Between revelations about Facebook logging Android data and Mark Zuckerberg set to testify before Congress about Cambridge Analytica, Facebook had a bad month.
“Any social media platform, in time, is going to become MySpace,” said Sabretooth Advisors chief investment officer Scott Freeze in a recent MarketWatch article, “Nobody young uses Facebook.”
Things have gotten so bad some people are calling for Tom Anderson to save us. Yes, Tom the frat boy looking co-founder of Myspace that forced himself on everyone as their first “friend.”
So data mining -- or going back to the days of profiles with atrocious custom themes, auto-playing music and flash ads dominating the site.
According to Sean Percival who was Vice President of Marketing as the MySpace ship was sinking, MySpace failed because they didn’t respect their users in the chase for fast monitization.
From the Guardian: “Percival remembered an infamous ad called Punch The Monkey, which invited people to click on an animated monkey to win some kind of prize – but which usually linked through to surveys and requirements to sign up for credit cards or other services to qualify for the prize.
“It was one of the most annoying things you could do with an ad, but they just didn’t care: they had no respect for the users. It was all about monetization. Making money, squeezing every dollar out of it,” said Percival.
“And think about Facebook, the ultimate winner here. No focus on monetization early on. Very few ads. And when they do ads, they actually do very nice ads. They do more native, more inline advertising, things that feel a little more natural. Not Punch The Monkey.”

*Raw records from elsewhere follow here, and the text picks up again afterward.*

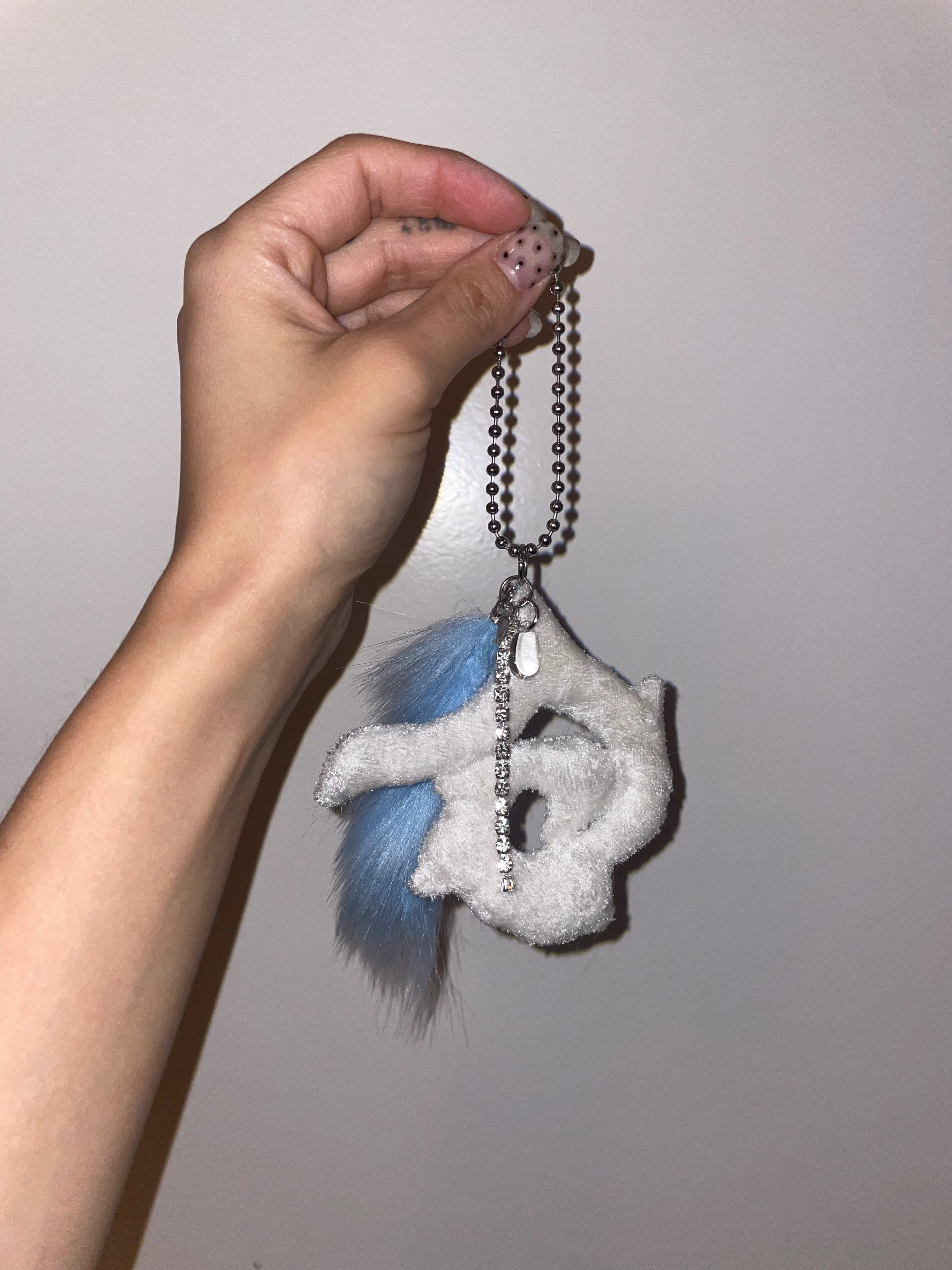 Pax creature transformed into portable keychain amulet for everyday protection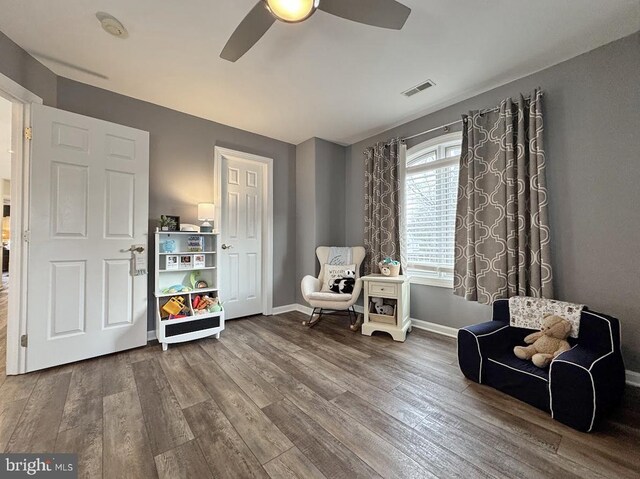 sitting room featuring ceiling fan and hardwood / wood-style floors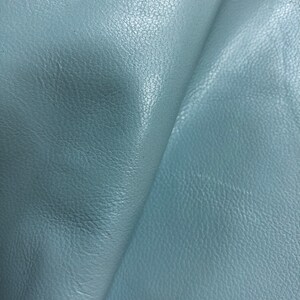May include: A close-up of a piece of light blue leather with a textured surface.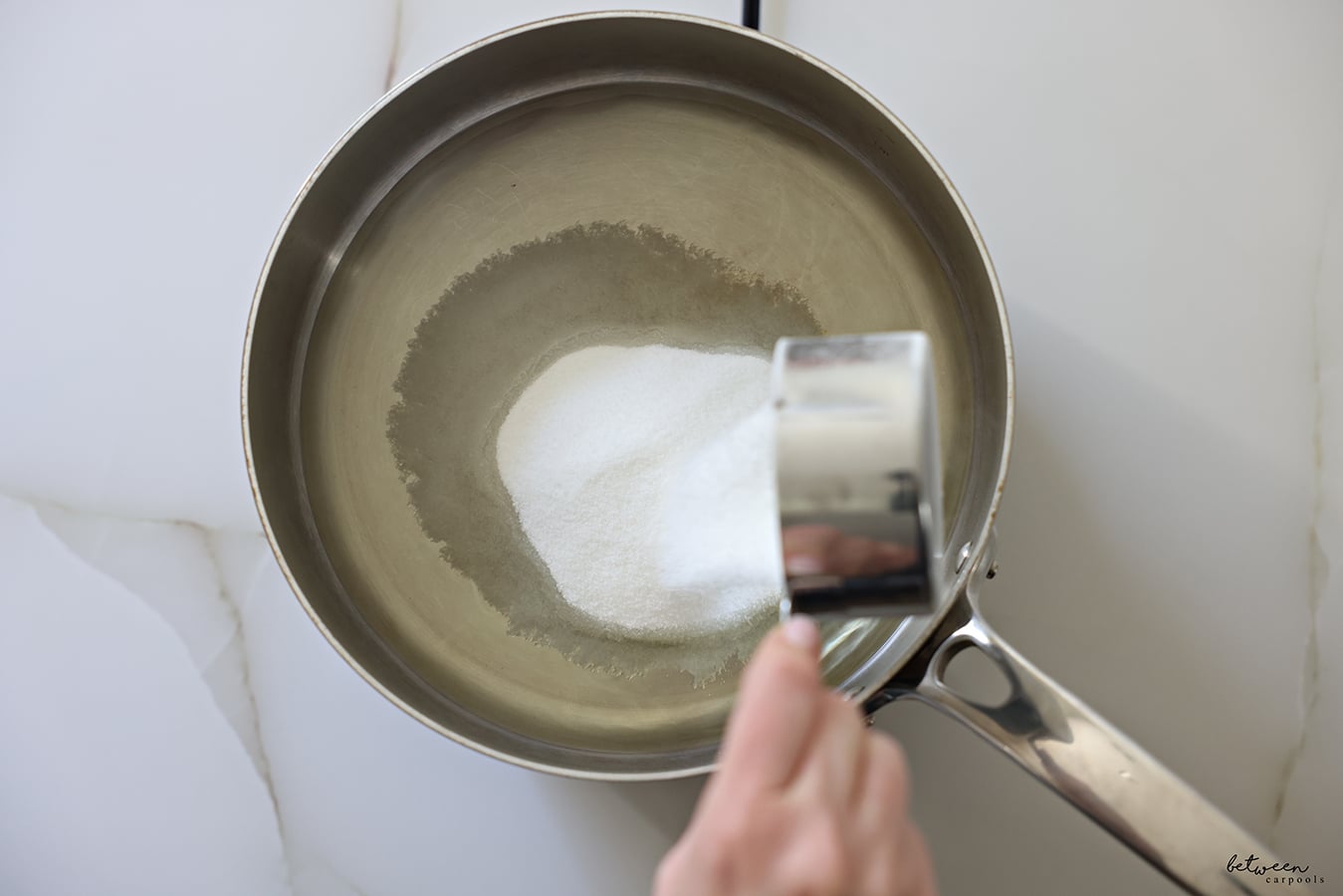 Adding sugar to a pot with oil.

Facebook won’t let you run Punch the Monkey type ads, but nothing stops email marketers from blasting irrelevant content to their entire list on a daily basis. Anyone that markets on social media knows if your ads aren’t relevant, Facebook charges you huge amounts to run them.
As your impression frequency with individual users increases, your relevance falls and your cost-per-click goes up. Its Facebook's way of protecting their user base, its their effort to not become MySpace.
While marketers are increasingly invading users privacy (Like Facebook) in an effort to gain an advantage using “creepy AI,” to do things like predict their co-workers personalities so they can write better emails. They neglect simple advantages that can be gained by using technology to better serve and respect their audience by segmenting email lists by interest/engagement level.
Run quality ads, show them to people who are interested, don’t show them so often they are obnoxious, and realize the “obnoxious threshold” varies a great deal depending on the person and where they are in the buyer's journey.
So why has it been so hard for email marketers to learn this lesson? Because the incentives aren’t aligned. It’s easy and cheap to hit send on your entire list and unlike Facebook that charges you more to spam your audience, the consequences to email marketers are delayed.
Unfortunately, humans are terrible at calculating when costs or rewards are delayed, but signs of a squandered email list equity eventually show up as reduced inboxing rates, deliverability issues, spam complaints and lowered email ROI.
Yes, you may get a few more opens on this email by blasting your whole list with your latest update, but it will cost you down the road, and before you know it your email list will be less responsive than Tom’s fake MySpace friends.
So which kind of marketer are you? Are you still playing Punch the Monkey?